YOUR GOAL - Where a line of the data holds the word "Antibodies", copy that line.

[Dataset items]

=== Begin Enclosure ===

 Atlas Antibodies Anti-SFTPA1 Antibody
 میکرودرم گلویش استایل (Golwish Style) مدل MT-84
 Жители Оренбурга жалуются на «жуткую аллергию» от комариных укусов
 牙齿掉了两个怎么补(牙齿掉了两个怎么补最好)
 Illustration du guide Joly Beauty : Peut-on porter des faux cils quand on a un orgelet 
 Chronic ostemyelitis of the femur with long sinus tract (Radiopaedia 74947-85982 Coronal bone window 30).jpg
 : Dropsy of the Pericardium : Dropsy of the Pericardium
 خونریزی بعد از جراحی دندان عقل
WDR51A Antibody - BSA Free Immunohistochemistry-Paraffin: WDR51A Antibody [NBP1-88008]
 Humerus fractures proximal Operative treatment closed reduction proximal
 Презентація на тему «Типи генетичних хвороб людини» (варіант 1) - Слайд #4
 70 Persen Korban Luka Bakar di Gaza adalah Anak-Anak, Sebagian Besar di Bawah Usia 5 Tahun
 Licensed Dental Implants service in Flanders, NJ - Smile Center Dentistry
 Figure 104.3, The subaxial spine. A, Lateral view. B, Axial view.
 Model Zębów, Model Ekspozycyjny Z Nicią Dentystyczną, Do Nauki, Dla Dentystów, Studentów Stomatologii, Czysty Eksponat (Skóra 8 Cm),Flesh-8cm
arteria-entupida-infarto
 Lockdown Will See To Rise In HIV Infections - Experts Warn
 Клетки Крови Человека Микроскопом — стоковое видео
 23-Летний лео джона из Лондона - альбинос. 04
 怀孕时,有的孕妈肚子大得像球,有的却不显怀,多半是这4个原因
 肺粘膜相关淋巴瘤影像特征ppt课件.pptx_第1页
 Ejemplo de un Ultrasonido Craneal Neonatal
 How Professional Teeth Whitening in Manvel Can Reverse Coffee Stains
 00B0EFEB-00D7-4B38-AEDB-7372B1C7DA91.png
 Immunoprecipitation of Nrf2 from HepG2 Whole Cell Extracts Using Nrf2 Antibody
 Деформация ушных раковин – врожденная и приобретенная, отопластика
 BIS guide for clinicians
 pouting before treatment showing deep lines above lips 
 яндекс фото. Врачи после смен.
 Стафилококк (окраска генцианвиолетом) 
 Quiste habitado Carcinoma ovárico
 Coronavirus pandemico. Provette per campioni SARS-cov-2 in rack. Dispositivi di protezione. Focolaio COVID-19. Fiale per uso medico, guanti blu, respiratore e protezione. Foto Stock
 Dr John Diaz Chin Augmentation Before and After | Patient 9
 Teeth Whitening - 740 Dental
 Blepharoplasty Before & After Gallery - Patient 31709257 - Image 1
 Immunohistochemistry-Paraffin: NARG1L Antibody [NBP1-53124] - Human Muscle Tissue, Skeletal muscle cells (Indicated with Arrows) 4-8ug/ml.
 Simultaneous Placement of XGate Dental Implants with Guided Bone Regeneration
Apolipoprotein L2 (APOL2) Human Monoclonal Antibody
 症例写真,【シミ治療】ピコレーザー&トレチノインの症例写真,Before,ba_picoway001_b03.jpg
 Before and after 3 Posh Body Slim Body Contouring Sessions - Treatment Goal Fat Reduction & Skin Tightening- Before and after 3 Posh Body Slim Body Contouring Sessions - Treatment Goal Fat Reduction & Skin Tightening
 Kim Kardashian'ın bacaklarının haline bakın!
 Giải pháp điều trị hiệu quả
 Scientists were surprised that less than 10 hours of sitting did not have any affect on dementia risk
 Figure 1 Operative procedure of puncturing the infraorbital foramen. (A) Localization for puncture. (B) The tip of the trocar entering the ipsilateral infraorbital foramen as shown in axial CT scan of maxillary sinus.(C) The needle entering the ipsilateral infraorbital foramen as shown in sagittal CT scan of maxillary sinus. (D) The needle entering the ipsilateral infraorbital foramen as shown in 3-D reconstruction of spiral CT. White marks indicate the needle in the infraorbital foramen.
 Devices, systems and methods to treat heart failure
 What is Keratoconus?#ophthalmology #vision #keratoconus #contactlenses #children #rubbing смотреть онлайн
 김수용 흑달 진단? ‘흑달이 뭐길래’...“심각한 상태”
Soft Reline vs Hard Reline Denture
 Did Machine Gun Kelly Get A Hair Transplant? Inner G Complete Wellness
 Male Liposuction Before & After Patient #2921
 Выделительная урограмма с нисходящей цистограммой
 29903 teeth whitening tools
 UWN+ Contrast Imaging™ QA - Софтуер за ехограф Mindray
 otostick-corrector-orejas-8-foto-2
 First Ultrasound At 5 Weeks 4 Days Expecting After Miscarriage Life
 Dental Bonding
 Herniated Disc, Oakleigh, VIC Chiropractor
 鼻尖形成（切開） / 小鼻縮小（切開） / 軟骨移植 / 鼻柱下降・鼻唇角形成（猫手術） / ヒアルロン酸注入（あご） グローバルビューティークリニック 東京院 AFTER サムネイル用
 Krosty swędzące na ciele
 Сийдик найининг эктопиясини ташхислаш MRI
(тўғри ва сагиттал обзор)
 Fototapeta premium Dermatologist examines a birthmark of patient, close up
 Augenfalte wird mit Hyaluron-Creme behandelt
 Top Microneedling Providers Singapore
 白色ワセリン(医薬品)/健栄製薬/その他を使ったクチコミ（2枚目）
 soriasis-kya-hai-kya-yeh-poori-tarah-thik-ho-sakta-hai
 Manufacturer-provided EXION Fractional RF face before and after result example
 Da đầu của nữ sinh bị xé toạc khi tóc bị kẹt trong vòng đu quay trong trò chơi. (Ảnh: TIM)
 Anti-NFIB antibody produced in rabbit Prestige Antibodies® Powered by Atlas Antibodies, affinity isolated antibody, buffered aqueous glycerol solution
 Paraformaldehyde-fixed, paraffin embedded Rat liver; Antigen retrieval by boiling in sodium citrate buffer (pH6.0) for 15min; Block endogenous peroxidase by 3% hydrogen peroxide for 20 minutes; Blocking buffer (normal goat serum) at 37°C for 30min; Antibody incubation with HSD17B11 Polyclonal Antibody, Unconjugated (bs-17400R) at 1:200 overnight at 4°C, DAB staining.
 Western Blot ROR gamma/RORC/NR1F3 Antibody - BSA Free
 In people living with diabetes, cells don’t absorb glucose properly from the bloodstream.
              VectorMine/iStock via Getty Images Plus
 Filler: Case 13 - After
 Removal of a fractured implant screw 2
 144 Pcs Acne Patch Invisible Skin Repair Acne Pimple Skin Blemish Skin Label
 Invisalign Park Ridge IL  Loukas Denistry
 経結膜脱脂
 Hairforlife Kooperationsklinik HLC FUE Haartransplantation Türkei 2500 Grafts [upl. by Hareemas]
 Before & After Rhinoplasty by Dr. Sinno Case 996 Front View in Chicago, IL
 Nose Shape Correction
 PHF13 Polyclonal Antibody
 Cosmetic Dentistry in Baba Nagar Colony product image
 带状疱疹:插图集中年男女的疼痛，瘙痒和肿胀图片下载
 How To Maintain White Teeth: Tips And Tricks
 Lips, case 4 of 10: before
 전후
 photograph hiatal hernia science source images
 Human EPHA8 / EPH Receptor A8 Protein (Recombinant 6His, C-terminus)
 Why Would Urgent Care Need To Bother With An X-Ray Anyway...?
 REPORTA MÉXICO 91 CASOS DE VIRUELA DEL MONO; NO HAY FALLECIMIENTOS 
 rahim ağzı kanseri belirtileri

=== End Enclosure ===

WRITTEN RESPONSE -
 Atlas Antibodies Anti-SFTPA1 Antibody
 Anti-NFIB antibody produced in rabbit Prestige Antibodies® Powered by Atlas Antibodies, affinity isolated antibody, buffered aqueous glycerol solution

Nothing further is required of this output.